Trees, Water & People’s Community-Based Development Model is based on the philosophy that the best way to help those most in need is to involve them directly in the design and implementation of local environmental and economic development initiatives. This creates ownership, involvement, and financial sustainability well into the future. Our proven development model of training and execution, coupled with an enterprise approach, engages and inspires local residents to preserve their precious natural resources.
Our Reforestation Program in El Salvador is a great example of this Community-Based Development Model in action:
El Salvador is the second most deforested country in Latin America after Haiti. Nearly 85 percent of its forest cover has disappeared since the 1960s. Less than 6,000 hectares are classified as primary forest. Deforestation in El Salvador has had serious environmental, social, and economic impacts. Today over 50 percent of El Salvador is not even suitable for food cultivation, and much of the country is plagued with severe soil erosion (Mongabay, 2015).

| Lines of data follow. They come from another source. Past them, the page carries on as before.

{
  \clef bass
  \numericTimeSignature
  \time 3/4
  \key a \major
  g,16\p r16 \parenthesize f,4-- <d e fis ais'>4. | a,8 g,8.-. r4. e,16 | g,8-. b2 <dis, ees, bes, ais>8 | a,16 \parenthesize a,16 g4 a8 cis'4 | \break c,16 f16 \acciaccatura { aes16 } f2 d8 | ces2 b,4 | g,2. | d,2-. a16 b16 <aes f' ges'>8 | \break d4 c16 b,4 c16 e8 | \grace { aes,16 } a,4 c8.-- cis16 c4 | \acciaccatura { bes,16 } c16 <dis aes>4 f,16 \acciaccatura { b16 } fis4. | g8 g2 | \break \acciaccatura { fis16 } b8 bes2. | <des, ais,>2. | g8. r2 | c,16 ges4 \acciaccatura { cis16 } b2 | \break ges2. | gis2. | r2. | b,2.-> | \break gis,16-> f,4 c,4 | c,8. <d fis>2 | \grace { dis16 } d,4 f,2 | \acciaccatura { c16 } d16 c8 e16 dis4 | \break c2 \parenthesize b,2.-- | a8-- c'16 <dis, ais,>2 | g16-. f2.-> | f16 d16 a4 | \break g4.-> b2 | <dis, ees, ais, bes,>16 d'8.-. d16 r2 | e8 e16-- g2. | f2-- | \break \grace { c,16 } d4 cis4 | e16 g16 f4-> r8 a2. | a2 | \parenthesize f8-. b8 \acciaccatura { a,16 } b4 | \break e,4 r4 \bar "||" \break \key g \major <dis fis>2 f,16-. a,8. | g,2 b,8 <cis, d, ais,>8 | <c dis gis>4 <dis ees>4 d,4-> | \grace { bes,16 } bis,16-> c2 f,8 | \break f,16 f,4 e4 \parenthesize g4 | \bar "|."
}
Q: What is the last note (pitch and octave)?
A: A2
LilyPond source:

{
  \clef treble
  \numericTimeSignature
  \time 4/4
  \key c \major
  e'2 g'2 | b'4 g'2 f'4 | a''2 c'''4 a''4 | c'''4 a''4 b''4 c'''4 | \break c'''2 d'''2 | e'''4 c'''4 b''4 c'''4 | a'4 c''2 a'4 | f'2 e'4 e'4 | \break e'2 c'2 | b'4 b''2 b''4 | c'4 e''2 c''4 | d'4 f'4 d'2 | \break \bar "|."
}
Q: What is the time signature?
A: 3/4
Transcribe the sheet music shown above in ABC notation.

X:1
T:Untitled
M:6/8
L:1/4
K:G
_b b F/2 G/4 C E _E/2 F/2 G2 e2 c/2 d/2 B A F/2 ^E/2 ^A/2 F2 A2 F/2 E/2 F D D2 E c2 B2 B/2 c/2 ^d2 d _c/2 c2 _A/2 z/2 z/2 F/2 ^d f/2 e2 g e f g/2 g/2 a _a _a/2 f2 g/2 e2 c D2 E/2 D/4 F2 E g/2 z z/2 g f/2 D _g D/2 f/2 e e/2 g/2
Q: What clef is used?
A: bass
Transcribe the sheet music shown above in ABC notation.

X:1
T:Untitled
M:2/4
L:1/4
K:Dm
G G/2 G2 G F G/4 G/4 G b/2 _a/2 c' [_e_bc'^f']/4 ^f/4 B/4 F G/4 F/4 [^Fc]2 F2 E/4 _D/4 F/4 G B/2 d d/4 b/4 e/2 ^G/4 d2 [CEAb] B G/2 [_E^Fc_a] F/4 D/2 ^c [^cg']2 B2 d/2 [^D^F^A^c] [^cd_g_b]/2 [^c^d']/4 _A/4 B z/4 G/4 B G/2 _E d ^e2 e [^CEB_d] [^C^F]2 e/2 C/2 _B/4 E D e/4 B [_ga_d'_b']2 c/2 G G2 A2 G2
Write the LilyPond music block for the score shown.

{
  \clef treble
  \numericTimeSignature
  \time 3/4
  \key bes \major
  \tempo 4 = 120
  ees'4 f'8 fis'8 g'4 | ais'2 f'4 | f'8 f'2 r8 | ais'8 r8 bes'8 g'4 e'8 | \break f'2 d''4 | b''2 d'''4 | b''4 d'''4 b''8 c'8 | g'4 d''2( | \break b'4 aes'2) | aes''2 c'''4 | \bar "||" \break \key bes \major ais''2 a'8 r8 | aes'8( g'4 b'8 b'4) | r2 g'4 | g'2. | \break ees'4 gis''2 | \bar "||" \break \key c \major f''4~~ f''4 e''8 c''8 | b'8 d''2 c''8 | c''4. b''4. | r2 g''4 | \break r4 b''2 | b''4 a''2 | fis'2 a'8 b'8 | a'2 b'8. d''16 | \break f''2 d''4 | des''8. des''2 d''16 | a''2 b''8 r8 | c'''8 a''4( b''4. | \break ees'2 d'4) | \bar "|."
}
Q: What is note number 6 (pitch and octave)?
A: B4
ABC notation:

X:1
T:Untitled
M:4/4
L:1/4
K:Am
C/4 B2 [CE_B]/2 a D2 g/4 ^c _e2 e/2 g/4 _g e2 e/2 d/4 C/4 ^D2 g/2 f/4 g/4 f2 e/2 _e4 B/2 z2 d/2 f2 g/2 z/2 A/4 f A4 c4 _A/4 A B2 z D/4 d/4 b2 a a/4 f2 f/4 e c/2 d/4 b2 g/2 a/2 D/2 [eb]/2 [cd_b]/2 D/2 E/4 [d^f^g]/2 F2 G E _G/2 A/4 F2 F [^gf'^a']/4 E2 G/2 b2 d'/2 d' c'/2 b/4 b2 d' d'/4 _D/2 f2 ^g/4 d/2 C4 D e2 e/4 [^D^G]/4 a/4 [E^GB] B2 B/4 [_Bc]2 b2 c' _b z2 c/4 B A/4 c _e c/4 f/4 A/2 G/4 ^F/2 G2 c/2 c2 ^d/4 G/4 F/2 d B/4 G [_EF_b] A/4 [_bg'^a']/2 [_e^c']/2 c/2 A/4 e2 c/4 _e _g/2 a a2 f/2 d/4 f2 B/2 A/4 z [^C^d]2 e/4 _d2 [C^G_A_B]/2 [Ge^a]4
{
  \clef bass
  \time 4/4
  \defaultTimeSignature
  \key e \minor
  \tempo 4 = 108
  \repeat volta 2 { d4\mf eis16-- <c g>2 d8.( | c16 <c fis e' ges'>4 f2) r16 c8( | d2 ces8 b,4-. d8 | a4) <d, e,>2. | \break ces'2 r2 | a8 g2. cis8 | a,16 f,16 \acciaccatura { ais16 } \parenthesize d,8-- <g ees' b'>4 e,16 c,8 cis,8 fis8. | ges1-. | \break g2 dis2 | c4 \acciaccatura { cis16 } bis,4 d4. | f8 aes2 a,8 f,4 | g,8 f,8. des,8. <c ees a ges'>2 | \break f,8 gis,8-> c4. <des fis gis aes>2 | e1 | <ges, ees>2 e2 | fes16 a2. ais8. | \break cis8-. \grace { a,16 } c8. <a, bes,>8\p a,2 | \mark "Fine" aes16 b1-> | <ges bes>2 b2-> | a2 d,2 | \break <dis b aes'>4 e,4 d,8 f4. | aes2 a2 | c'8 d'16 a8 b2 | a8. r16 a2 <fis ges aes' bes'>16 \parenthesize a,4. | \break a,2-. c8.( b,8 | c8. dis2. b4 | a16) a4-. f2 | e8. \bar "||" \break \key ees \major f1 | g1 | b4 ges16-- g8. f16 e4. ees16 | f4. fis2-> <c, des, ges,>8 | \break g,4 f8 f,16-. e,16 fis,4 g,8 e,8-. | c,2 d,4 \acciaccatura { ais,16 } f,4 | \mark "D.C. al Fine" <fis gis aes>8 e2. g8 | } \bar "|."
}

In 2001, we formed a partnership with environmental conservation leaders in El Salvador, who created Arboles y Agua para El Pueblo (AAP) to address natural resource issues within the country. The organization is led by Armando Hernandez and his dedicated staff who work tirelessly to protect the precious natural resources of El Salvador.
The AAP staff addresses El Salvador’s natural resource issues through reforestation, producing over 28 hardwood and fruit tree species in their nurseries. Local community members, governments, and farmers use these trees for food, firewood, and shade. In addition, AAP and TWP work together to build clean cookstoves that reduce deforestation and deadly household air pollution. Community-led conservation projects create jobs for local people as well purpose and meaning in life. Don Jorge Alberto Dorado Ochoa, an AAP staff member since 2007, found his work at the tree nursery to be healing during his battle with cancer. “I feel strongly that my dedication to the nursery and the work of TWP gave me strength and health.”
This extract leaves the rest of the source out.